Building High-Quality Patent Portfolios in the United States and Europe: Part II – Software Patents

“U.S. patent drafters should find that if their applications meet the requirements of Alice v. CLS Bank, the Manual of Patent Examining Procedure guidelines, and the USPTO guidelines on software patents, it will help these applications with examination and national court scrutiny in Europe.”

https://depositphotos.com/38756235/stock-photo-software-concept.htmlIn Part I of this series, we discussed how patent portfolio managers should be careful when generating company-owned prior art or reviewing competitor prior art, and how a patent litigation or licensing campaign can be significantly hamstrung based on how the United States and Europe consider intervening prior art. In Part II, we will focus on software patents with U.S. and EP family members.
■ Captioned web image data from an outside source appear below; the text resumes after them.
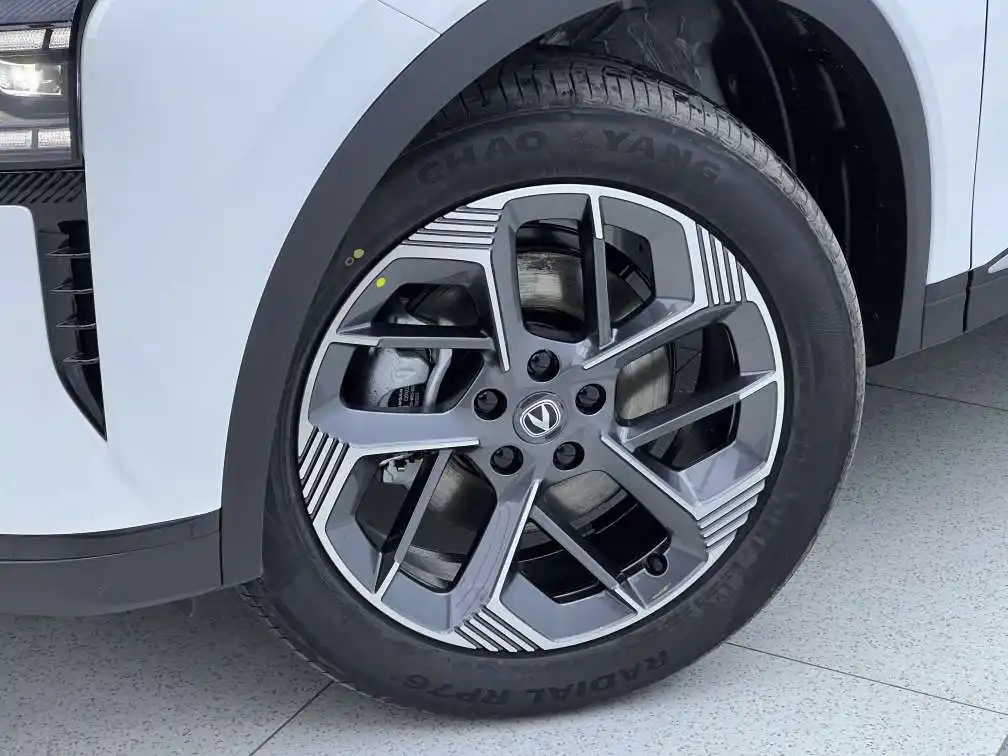 Changan CS75 PLUS, 2025 18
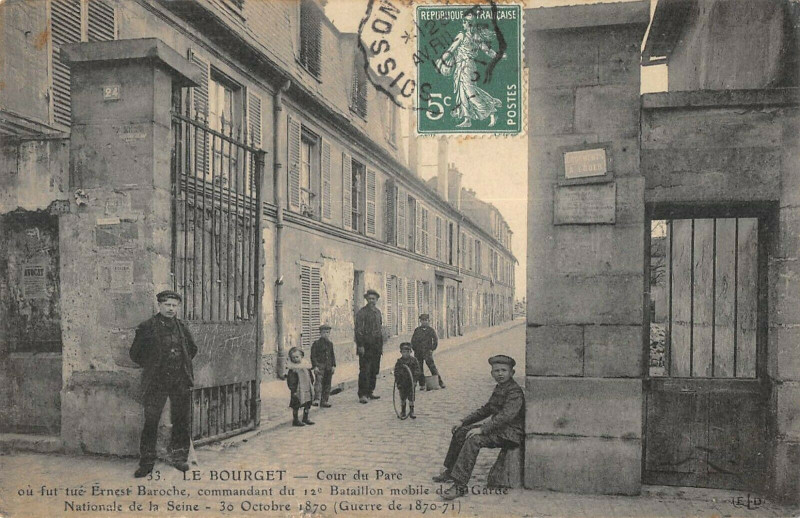Carte postale ancienne Le Bourget Cour Du Parc au Bourget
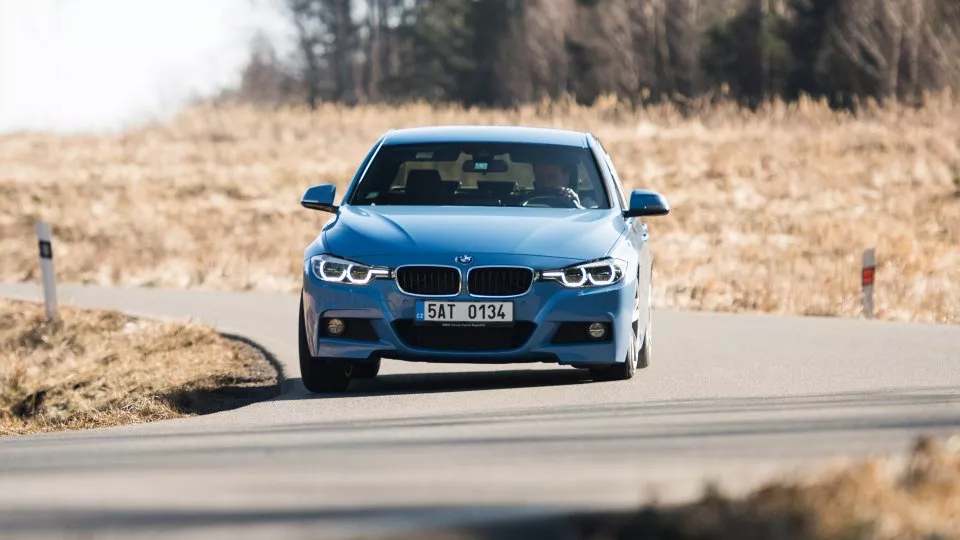 BMW 330i pohání navzdory názvu dvoulitr.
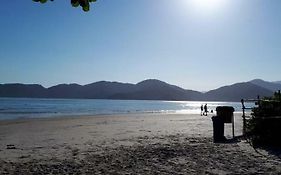 Verao No Melhor Condominio E Praia De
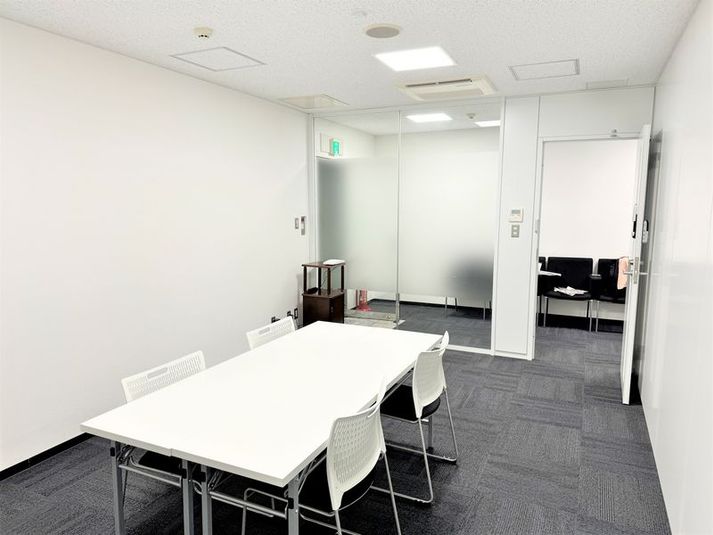 【リロの会議室】五反田KANPAIビル 五反田KANPAIビル　1階 RoomAの室内の写真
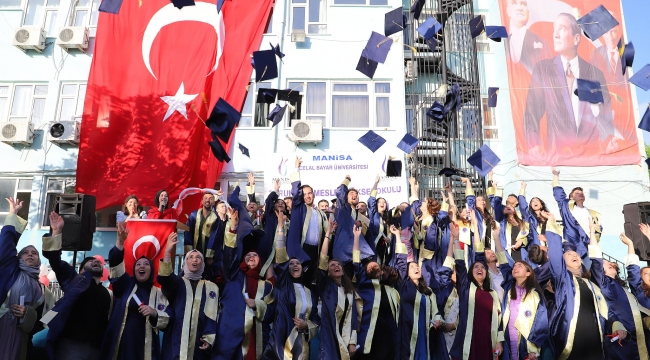 Öğrencilerde mezuniyet mutluluğu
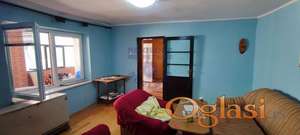 Kuća na dobroj lokaciji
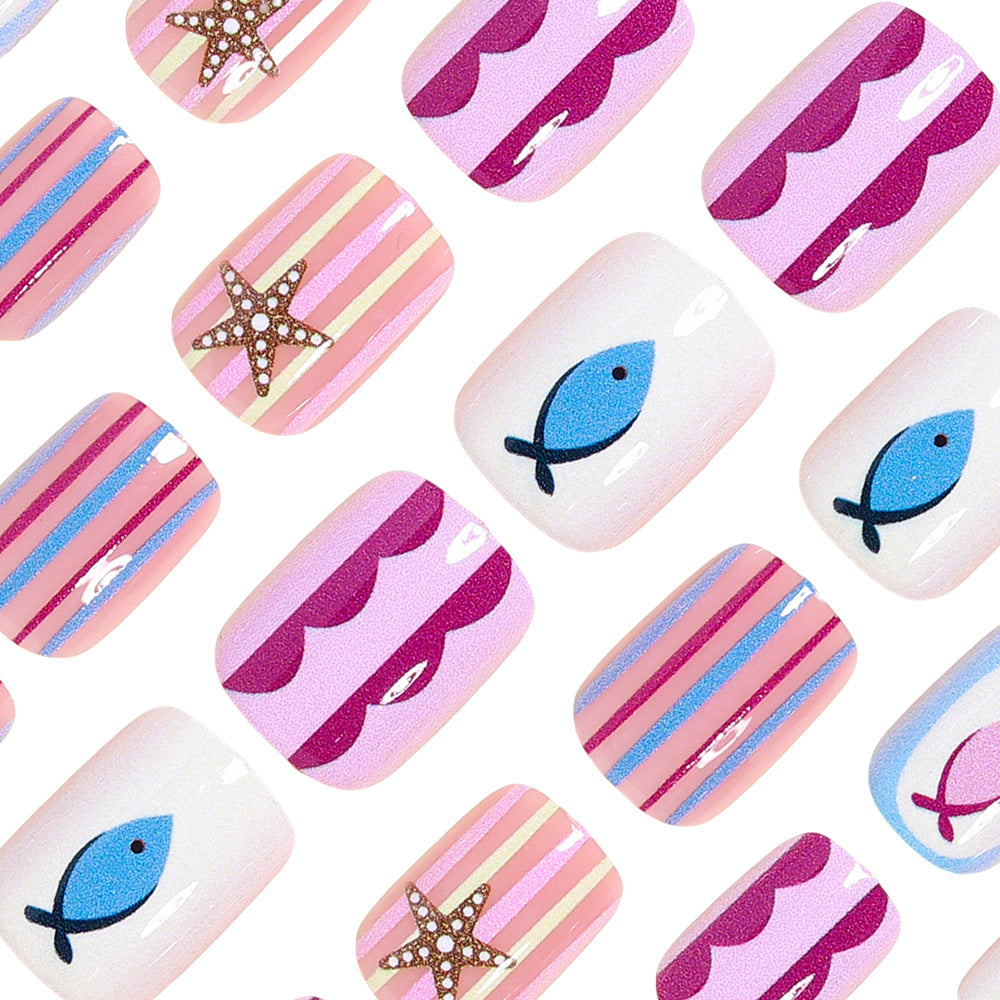 Nautical-Themed Press-On Nail Art Kalsten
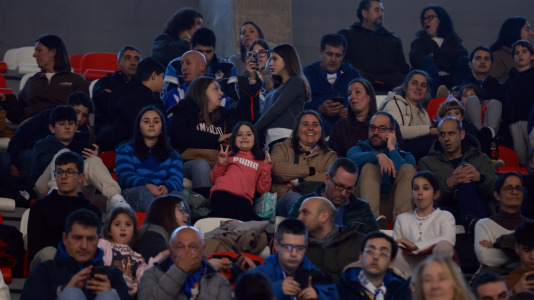 Aficionados del Liceo durante el partido contra el Sant Just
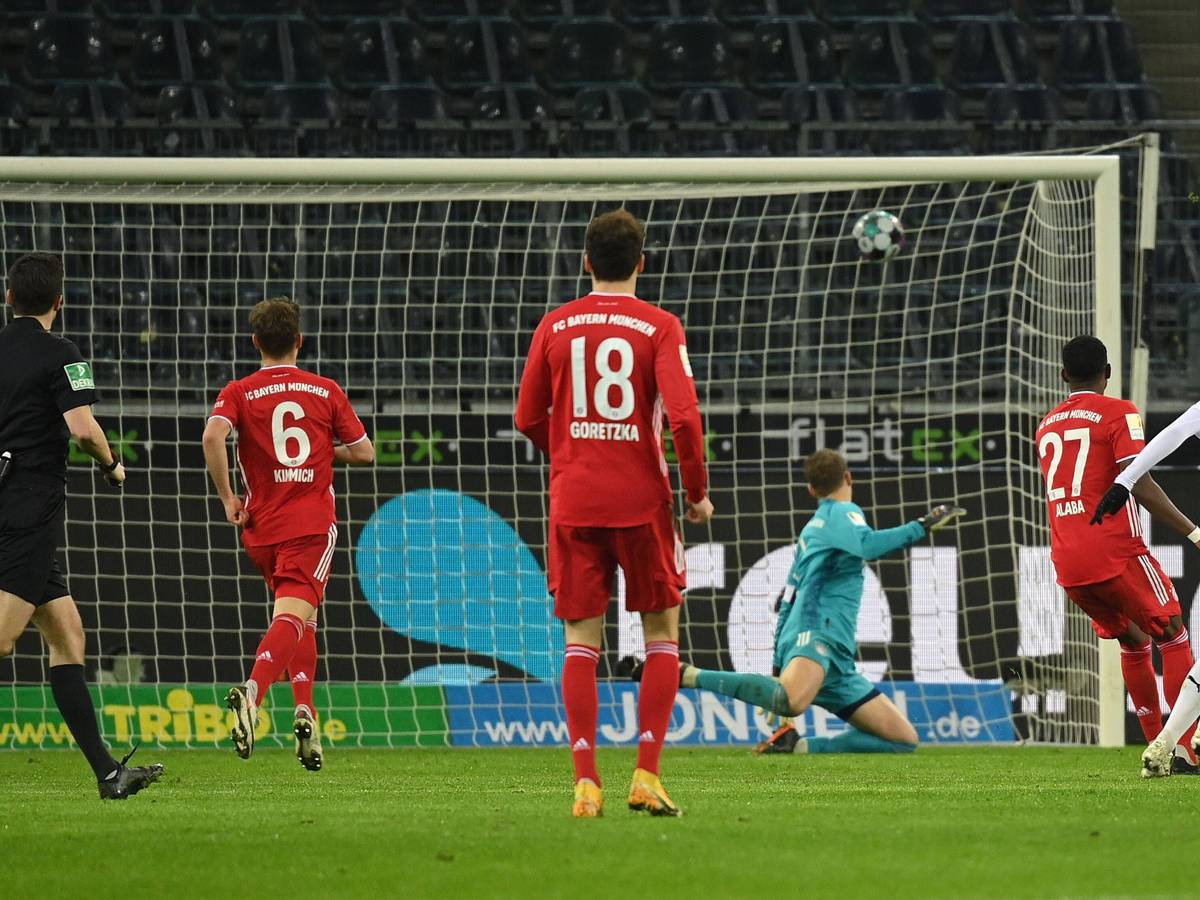 Peng – und der Ball ist drin. Am 8. Januar 2021 gewinnt Borussia Mönchengladbach das Bundesliga-Duell gegen Bayern München mit 3:2. In dieser Szene gelingt Nationalspieler Florian Neuhaus (r.) der Siegtreffer im Borussia-Park. Bayern-Torhüter Manuel Neuer schaut dem Ball chancenlos hinterher.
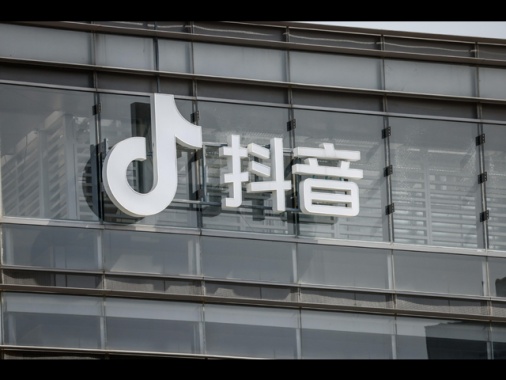 Multa Irlanda 530 milioni a TikTok, 'invia dati in Cina'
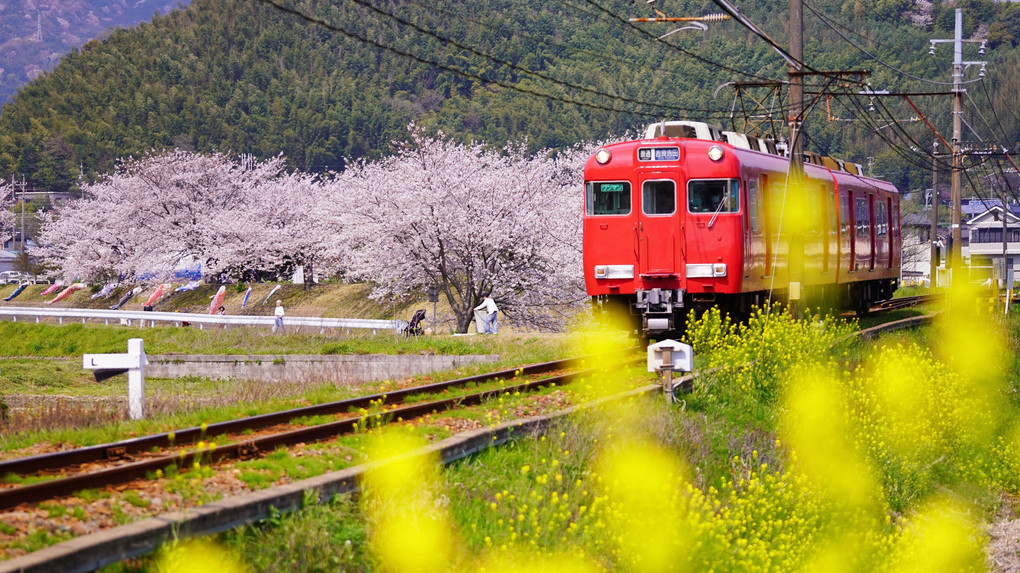 赤い電車と春景色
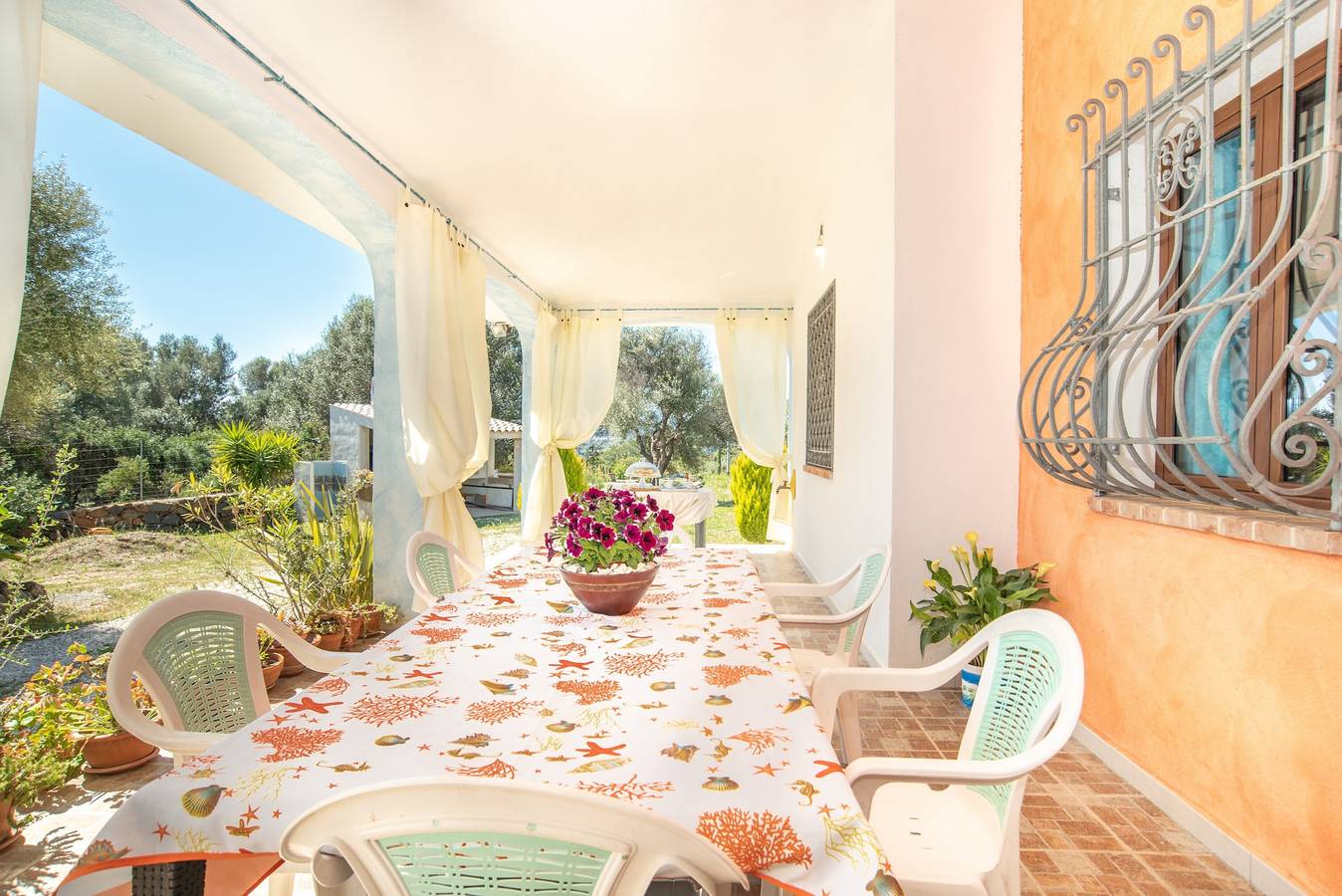 Appartement entier, Appartement de vacances avec grand espace extérieur ; places de parking disponibles in Oniài, Golfe d'Orosei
Software Patents and Computer-Implemented Inventions (Post-Alice, Art. 52(2) EPC)

The number of software related patent applications that are filed at the United States Patent and Trademark Office (USPTO) and European Patent Office (EPO) continues to increase despite heightened scrutiny during examination. Further, U.S. courts and national courts in Europe continue to critically analyze the eligibility of software patents.

European patent drafters and litigators should find their knowledge of software patents is an advantage for U.S. examination and U.S. court scrutiny. At the same time, U.S. patent drafters should find that if their applications meet the requirements of Alice v. CLS Bank, the Manual of Patent Examining Procedure (MPEP) guidelines, and the USPTO guidelines on software patents, it will help these applications with examination and national court scrutiny in Europe.

U.S. practitioners commonly use the term “software patents” to refer to patents that cover software-related technology.  European patent practitioners commonly use the term “computer-implemented inventions” to refer to the same patents. The terms are used interchangeably for the purposes of this article.

Under the approach followed by the EPO, a claim directed to software will not be excluded from patent eligibility under Article 52 of the European Patent Convention (EPC) if it contains at least one feature that is considered to have technical character because it is not a “computer program as such.” It is sufficient that a claim is directed to a device or a method implemented in a computer. This eligibility hurdle is an easy hurdle for European patent drafters that is cleared simply by adding any technical feature (e.g., a computer) to a claim.

Non-Obviousness/Inventive Step

The greatest challenge for software patents at the EPO and in national courts in Europe is not eligibility but rather non-obviousness (inventive step). Specifically, the non-technical features of a claim are ignored when assessing inventive step. The EPC provides no general definition of what features are considered technical or non-technical, but relevant case law before the EPO Boards of Appeal gives some indication of what constitutes “technical character.” For example, a claim to a computer program is not excluded from patentability if, when running on a computer, it provides a further technical effect going beyond the computer’s normal behavior. Such further technical effect could involve saving computer resources such as memory, processor time, or energy, or controlling further processes—features that are recognizable to an engineer rather than to a layperson/end user. In short, features do not become technical simply because they are implemented on computers; a feature that solves a technical task and/or provides a technical advantage/effect is considered technical and will help with supporting an inventive step for a patent application in European examination.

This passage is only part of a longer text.